## DATA FOR ANALYSIS
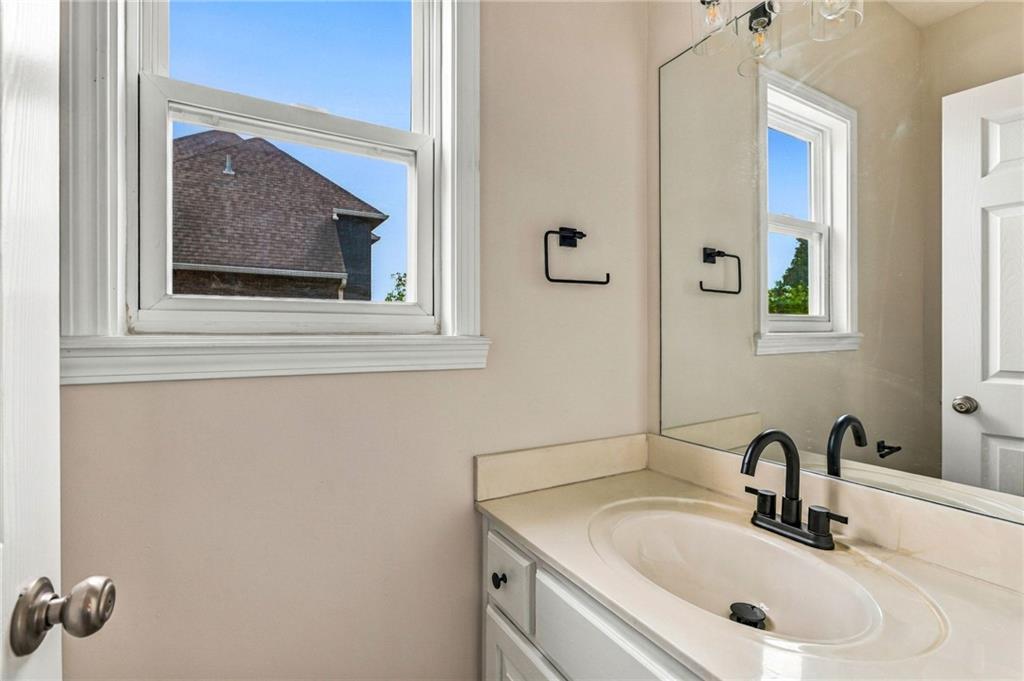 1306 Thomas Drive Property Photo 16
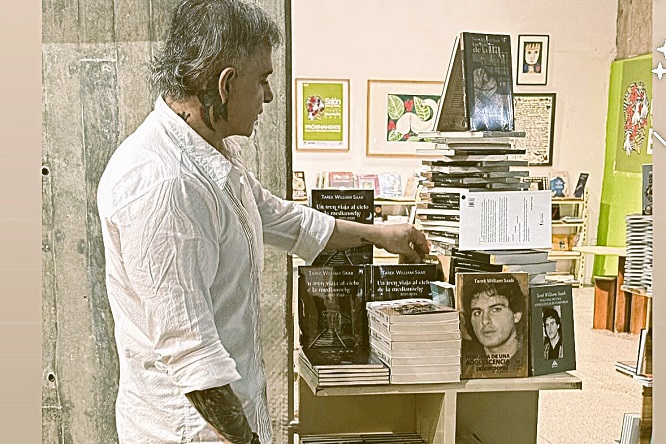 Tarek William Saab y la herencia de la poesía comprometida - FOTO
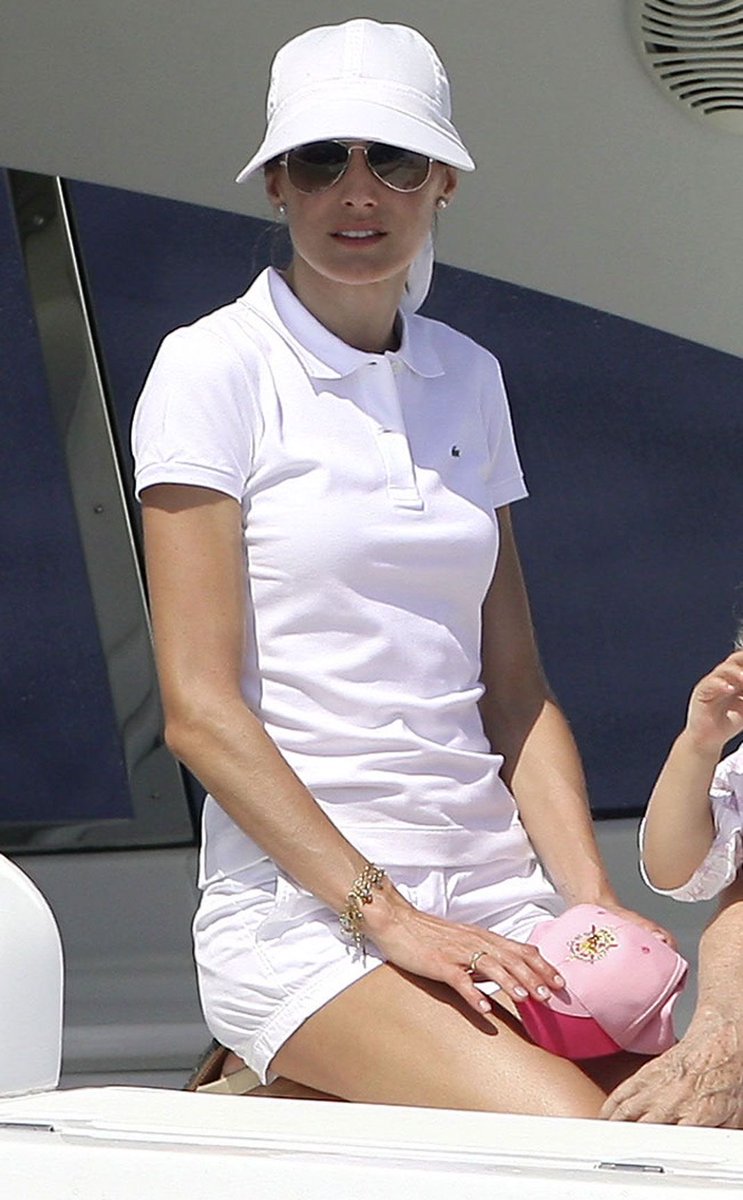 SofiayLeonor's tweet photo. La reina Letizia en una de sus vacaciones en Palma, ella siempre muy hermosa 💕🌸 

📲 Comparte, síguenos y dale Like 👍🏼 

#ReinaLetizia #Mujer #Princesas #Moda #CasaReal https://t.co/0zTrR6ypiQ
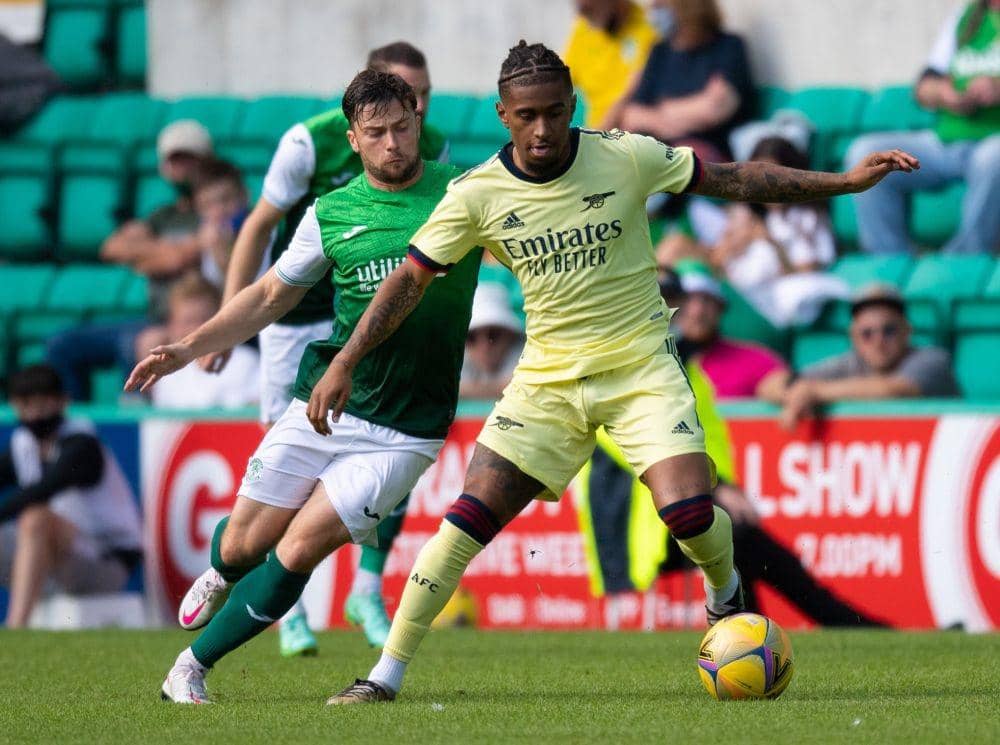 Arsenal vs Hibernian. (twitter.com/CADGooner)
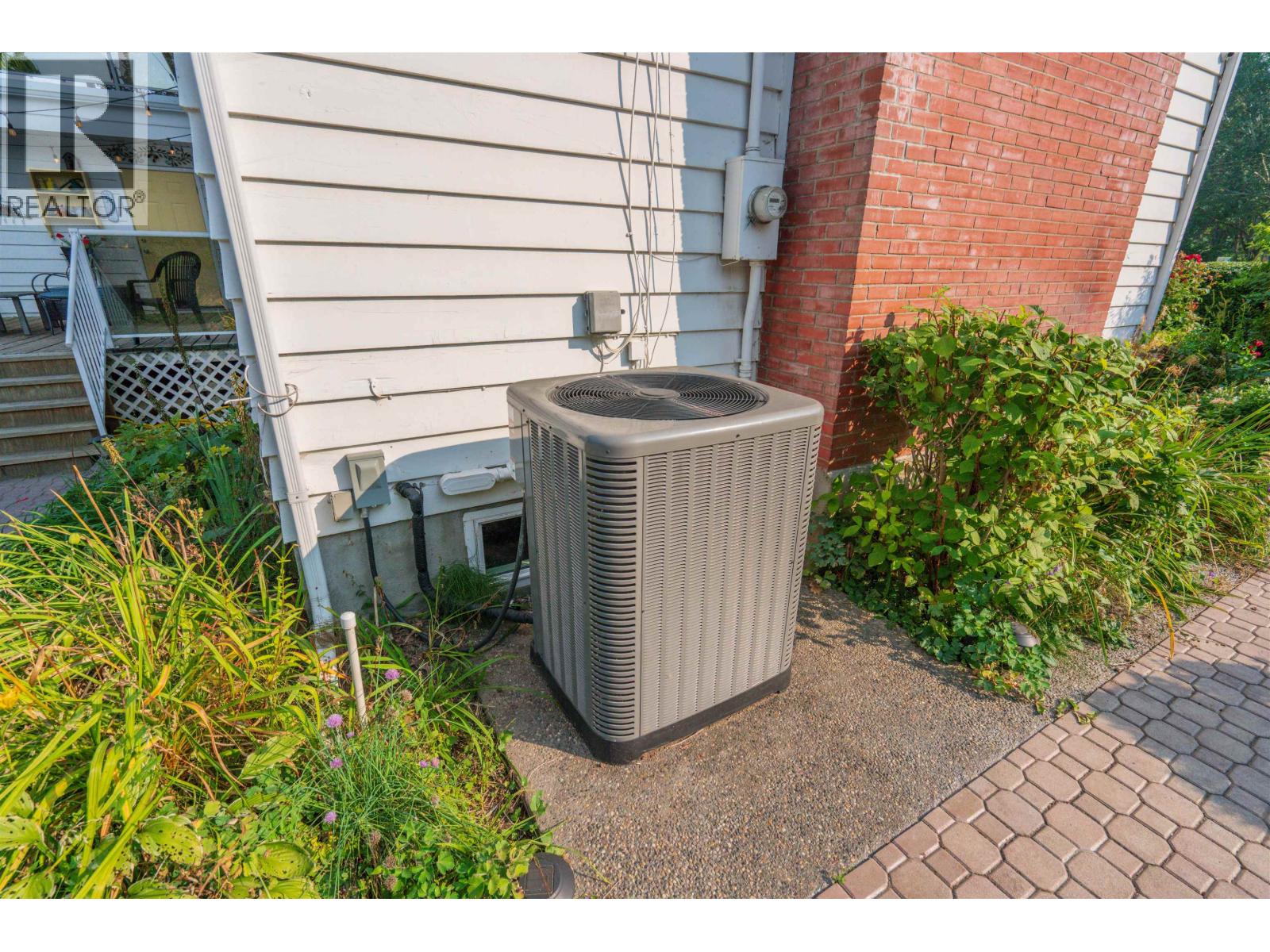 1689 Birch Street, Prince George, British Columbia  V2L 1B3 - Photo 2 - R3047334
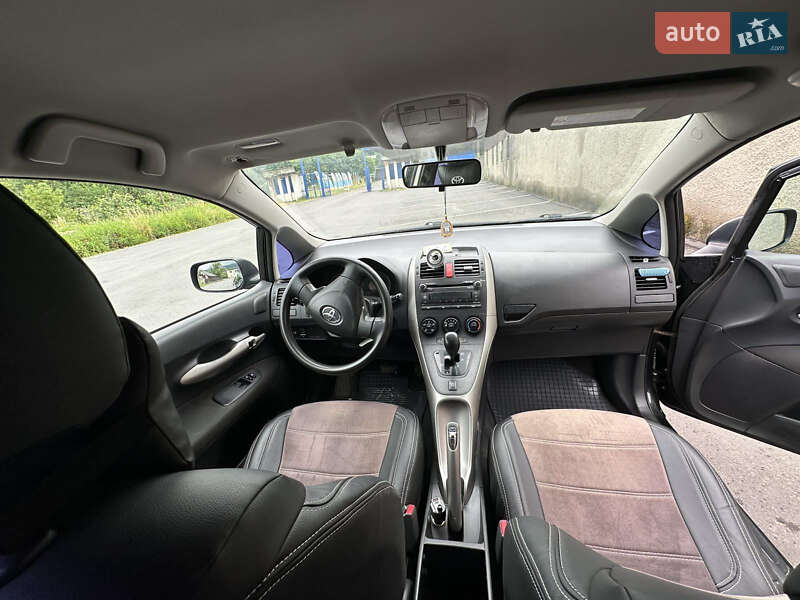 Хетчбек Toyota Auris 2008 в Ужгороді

## ASSIGNMENT
Starting with the line that holds "1689 Birch Street, Prince", return each line exactly through the final line of the entries above; pictures are not part of the output.

## RESPONSE BELOW
 1689 Birch Street, Prince George, British Columbia  V2L 1B3 - Photo 2 - R3047334
 Хетчбек Toyota Auris 2008 в Ужгороді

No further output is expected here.